[Opening Given data section]

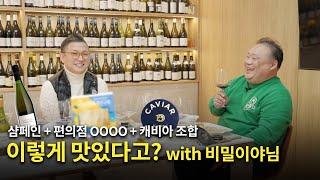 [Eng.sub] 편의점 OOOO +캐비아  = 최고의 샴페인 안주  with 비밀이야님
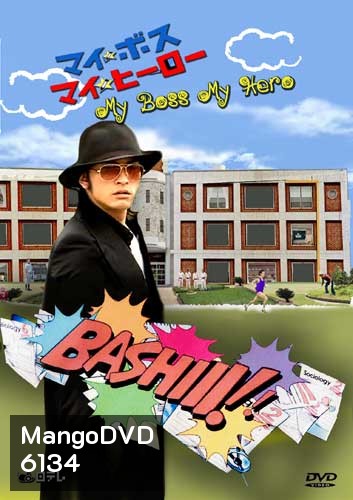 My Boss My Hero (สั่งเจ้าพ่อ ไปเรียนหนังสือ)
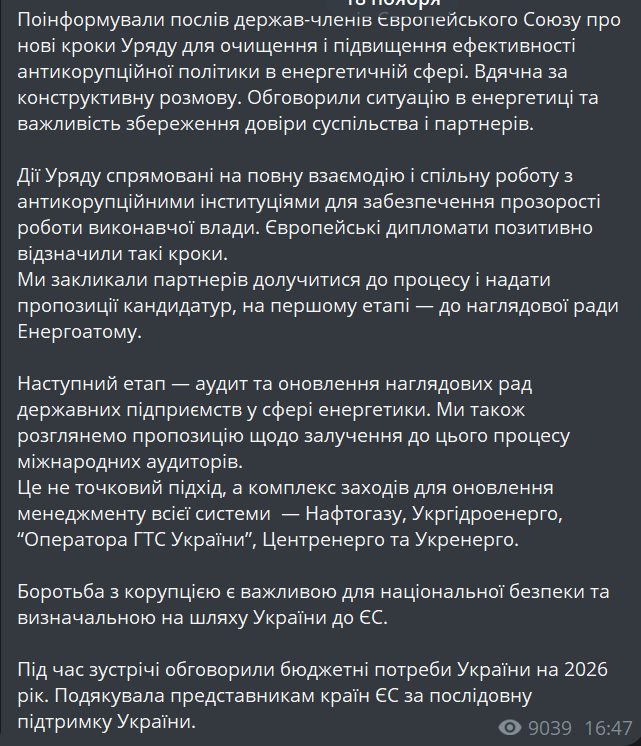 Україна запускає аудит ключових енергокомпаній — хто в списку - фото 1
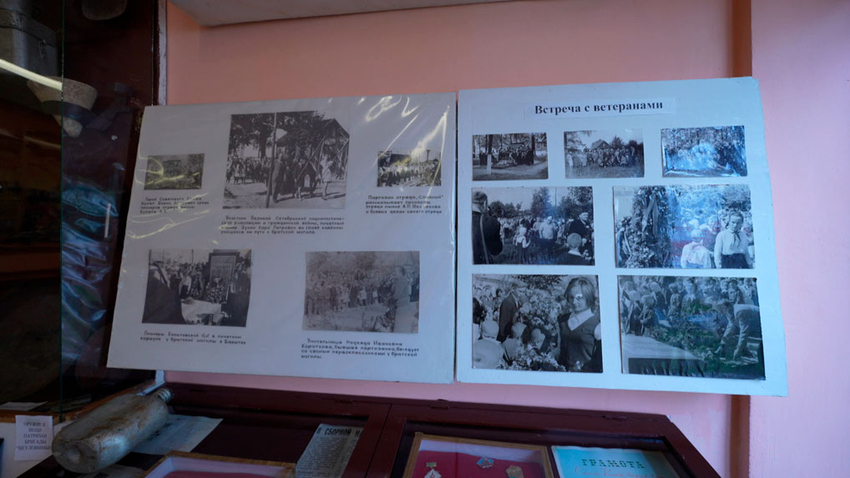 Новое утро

[Closing Given data section]

Where pictures occur in the material above, omit them and return everything else exactly.

 [Eng.sub] 편의점 OOOO +캐비아  = 최고의 샴페인 안주  with 비밀이야님
 My Boss My Hero (สั่งเจ้าพ่อ ไปเรียนหนังสือ)
 Україна запускає аудит ключових енергокомпаній — хто в списку - фото 1
 Новое утро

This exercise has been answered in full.